LinuxQuestions.org - at daemon bugs and proposed fix for Slackware

- Slackware (https://www.linuxquestions.org/questions/slackware-14/)

- - at daemon bugs and proposed fix for Slackware (https://www.linuxquestions.org/questions/slackware-14/at-daemon-bugs-and-proposed-fix-for-slackware-4175484700/)

at daemon bugs and proposed fix for Slackware

Edit: To save newcomers time, the correct problem begins at post No. 8. The original post is not applicable because the -l option applies to batch and not to at. Apparently at is running the scheduled jobs but in an unexpected manner.

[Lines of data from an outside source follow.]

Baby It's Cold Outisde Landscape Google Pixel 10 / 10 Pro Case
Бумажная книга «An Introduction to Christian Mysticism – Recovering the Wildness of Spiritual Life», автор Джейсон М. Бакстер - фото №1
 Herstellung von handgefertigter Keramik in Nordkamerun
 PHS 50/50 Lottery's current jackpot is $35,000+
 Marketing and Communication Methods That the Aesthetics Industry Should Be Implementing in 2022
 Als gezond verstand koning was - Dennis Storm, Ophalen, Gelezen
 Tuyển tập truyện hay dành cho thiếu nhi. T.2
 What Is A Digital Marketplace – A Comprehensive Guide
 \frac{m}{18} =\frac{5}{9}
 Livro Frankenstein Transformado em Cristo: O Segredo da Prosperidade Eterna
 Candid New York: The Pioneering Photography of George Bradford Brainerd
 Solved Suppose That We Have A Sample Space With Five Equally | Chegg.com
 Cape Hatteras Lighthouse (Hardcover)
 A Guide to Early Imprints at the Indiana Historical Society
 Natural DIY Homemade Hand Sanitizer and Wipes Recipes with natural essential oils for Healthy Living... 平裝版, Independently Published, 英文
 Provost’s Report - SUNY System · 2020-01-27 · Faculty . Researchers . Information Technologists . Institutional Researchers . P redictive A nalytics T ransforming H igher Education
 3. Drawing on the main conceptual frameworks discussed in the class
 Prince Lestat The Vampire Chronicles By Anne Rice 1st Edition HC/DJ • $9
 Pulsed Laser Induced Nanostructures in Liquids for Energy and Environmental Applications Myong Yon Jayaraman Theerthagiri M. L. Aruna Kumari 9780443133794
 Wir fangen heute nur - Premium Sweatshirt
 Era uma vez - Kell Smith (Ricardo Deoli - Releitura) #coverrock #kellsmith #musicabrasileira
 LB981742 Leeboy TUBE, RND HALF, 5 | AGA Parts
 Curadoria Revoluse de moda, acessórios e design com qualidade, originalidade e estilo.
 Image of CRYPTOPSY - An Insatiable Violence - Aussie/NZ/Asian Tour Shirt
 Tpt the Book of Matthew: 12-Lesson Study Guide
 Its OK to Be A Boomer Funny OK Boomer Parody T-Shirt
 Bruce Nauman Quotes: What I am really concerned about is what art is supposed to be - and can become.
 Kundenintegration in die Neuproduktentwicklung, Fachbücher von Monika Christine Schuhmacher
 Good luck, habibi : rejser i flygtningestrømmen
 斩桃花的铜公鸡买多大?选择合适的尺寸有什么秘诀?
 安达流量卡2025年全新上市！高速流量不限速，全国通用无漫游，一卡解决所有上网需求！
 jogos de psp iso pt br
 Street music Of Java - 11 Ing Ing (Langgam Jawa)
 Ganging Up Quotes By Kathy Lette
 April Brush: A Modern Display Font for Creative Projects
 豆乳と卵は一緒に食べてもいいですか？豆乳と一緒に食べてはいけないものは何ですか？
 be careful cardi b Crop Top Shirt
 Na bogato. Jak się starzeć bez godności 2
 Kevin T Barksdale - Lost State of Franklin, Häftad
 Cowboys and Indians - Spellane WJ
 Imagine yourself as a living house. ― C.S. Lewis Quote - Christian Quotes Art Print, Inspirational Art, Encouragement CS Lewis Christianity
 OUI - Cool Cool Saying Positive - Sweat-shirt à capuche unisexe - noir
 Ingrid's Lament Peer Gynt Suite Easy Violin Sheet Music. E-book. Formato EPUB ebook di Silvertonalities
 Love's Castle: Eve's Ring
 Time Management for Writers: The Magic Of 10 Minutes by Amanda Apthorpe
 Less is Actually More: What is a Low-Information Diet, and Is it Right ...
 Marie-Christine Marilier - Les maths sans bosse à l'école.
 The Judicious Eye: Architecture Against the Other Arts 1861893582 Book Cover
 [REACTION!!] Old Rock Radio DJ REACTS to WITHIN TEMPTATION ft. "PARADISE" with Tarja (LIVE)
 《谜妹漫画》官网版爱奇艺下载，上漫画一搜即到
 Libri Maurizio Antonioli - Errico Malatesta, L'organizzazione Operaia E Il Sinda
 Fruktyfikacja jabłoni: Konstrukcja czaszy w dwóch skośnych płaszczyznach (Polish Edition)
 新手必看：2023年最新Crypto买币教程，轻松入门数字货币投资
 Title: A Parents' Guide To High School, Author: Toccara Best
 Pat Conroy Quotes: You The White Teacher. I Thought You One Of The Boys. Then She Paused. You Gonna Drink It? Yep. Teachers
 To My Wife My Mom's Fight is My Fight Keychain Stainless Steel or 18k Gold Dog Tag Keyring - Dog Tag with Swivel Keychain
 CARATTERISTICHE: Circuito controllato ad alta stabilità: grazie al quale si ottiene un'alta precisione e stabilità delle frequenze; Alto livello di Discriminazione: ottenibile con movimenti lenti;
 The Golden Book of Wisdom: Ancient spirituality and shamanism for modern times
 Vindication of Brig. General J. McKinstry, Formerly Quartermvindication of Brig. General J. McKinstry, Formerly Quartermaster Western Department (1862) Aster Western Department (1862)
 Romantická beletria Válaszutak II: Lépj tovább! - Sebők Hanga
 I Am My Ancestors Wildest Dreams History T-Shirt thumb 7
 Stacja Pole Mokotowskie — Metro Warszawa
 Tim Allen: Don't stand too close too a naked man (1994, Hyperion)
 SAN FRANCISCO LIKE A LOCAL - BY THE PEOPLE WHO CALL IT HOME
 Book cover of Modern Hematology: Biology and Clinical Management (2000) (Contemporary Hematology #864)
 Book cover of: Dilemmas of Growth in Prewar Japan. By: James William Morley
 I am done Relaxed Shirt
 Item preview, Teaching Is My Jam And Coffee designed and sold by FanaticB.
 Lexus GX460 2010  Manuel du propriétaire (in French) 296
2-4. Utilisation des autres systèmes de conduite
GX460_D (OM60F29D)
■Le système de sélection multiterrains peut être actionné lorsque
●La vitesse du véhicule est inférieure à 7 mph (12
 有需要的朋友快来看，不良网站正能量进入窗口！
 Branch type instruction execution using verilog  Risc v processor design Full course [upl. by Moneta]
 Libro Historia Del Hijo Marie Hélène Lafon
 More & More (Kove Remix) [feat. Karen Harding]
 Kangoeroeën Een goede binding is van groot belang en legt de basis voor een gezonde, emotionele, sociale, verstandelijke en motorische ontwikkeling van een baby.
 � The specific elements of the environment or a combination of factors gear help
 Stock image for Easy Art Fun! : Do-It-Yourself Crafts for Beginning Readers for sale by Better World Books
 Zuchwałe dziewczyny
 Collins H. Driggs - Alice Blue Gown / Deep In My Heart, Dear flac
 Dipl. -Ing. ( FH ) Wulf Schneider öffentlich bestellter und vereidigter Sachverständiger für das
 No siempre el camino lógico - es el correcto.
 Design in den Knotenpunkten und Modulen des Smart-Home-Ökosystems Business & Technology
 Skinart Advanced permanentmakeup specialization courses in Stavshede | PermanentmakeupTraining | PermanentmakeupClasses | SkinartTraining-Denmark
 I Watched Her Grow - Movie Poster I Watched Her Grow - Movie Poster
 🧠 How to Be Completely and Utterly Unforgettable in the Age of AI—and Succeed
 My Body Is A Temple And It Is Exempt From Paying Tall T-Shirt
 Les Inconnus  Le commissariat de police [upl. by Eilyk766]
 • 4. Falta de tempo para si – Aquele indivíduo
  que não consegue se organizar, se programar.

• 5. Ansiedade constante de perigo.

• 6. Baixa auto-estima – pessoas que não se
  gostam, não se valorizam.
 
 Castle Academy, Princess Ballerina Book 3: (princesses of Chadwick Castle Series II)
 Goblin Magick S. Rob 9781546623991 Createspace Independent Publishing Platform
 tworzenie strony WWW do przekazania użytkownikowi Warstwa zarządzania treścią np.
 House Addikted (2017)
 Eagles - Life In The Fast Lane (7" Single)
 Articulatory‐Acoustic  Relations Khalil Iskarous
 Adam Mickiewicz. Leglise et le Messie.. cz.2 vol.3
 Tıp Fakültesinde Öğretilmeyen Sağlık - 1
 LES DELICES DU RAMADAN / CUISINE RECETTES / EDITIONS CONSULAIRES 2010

I believe I stumbled across some bugs with the at daemon.

One bug I hope Pat agrees can be fixed in the rc.M script.

The default Slackware startup for atd is hard-coded to -l 1. From what I have read, a general rule of thumb nowadays is setting that value to at least the number of CPU cores.

I stumbled across this bug with my HTPC. I use atd to start TV recordings. This works fine 99% of the time. Yet my scheduled recordings occasionally never triggered. There never were log entries. No clues other than a mysterious system mail that I never could trace the source. Just nothing happened.

Last night the same thing happened. Because of the utter lack of log entries, I proceeded in my research with the presumption the at daemon was not executing, despite ps indicating the daemon was running.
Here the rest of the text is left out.